(WHAT YOU NEED TO DO):
Look through the data below for the line with "Kimi janakya Dame", and transcribe it exactly together with each line after it up to and including the line with "Item preview, Free". Give nothing else.
Top of AVAILABLE DATA
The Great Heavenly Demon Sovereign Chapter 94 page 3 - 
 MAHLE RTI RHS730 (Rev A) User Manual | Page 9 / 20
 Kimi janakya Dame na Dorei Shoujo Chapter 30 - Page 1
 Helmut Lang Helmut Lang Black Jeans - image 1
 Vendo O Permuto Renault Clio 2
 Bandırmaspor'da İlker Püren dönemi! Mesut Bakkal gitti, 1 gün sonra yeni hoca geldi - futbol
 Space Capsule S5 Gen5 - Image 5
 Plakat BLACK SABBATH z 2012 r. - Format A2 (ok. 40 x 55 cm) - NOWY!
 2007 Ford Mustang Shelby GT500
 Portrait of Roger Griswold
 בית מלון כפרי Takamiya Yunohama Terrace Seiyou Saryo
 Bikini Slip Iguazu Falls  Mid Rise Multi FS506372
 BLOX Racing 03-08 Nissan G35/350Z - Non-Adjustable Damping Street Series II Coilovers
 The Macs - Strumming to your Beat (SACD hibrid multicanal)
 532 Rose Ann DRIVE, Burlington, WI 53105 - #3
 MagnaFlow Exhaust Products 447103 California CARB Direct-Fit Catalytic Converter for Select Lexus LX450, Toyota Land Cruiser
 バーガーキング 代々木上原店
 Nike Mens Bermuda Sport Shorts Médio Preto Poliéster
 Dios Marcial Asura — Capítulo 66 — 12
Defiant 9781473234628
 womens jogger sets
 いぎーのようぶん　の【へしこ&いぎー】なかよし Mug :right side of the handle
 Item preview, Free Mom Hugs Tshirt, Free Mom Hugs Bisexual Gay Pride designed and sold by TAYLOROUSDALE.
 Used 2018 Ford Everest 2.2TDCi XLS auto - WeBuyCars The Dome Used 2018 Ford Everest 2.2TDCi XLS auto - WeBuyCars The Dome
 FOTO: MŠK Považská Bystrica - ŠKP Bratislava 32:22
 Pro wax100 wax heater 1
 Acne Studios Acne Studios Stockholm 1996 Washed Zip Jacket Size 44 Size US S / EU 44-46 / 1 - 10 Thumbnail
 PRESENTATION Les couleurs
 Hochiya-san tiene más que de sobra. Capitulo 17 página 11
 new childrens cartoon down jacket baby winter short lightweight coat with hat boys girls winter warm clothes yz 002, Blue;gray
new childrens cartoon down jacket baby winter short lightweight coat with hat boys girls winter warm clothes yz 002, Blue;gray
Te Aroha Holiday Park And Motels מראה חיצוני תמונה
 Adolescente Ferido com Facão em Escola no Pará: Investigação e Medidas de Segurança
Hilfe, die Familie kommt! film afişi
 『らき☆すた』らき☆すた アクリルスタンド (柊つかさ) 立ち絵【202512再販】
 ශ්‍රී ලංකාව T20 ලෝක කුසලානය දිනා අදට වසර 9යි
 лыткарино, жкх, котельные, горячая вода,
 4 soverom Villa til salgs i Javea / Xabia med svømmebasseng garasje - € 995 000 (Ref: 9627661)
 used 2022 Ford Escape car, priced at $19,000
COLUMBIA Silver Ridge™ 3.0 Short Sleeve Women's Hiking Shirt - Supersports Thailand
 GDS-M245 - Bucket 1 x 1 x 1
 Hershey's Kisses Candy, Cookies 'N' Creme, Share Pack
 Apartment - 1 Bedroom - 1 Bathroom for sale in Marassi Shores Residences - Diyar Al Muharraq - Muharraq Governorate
Bottom of AVAILABLE DATA
(OUTPUT FOR THIS TASK):
 Kimi janakya Dame na Dorei Shoujo Chapter 30 - Page 1
 Helmut Lang Helmut Lang Black Jeans - image 1
 Vendo O Permuto Renault Clio 2
 Bandırmaspor'da İlker Püren dönemi! Mesut Bakkal gitti, 1 gün sonra yeni hoca geldi - futbol
 Space Capsule S5 Gen5 - Image 5
 Plakat BLACK SABBATH z 2012 r. - Format A2 (ok. 40 x 55 cm) - NOWY!
 2007 Ford Mustang Shelby GT500
 Portrait of Roger Griswold
 בית מלון כפרי Takamiya Yunohama Terrace Seiyou Saryo
 Bikini Slip Iguazu Falls  Mid Rise Multi FS506372
 BLOX Racing 03-08 Nissan G35/350Z - Non-Adjustable Damping Street Series II Coilovers
 The Macs - Strumming to your Beat (SACD hibrid multicanal)
 532 Rose Ann DRIVE, Burlington, WI 53105 - #3
 MagnaFlow Exhaust Products 447103 California CARB Direct-Fit Catalytic Converter for Select Lexus LX450, Toyota Land Cruiser
 バーガーキング 代々木上原店
 Nike Mens Bermuda Sport Shorts Médio Preto Poliéster
 Dios Marcial Asura — Capítulo 66 — 12
Defiant 9781473234628
 womens jogger sets
 いぎーのようぶん　の【へしこ&いぎー】なかよし Mug :right side of the handle
 Item preview, Free Mom Hugs Tshirt, Free Mom Hugs Bisexual Gay Pride designed and sold by TAYLOROUSDALE.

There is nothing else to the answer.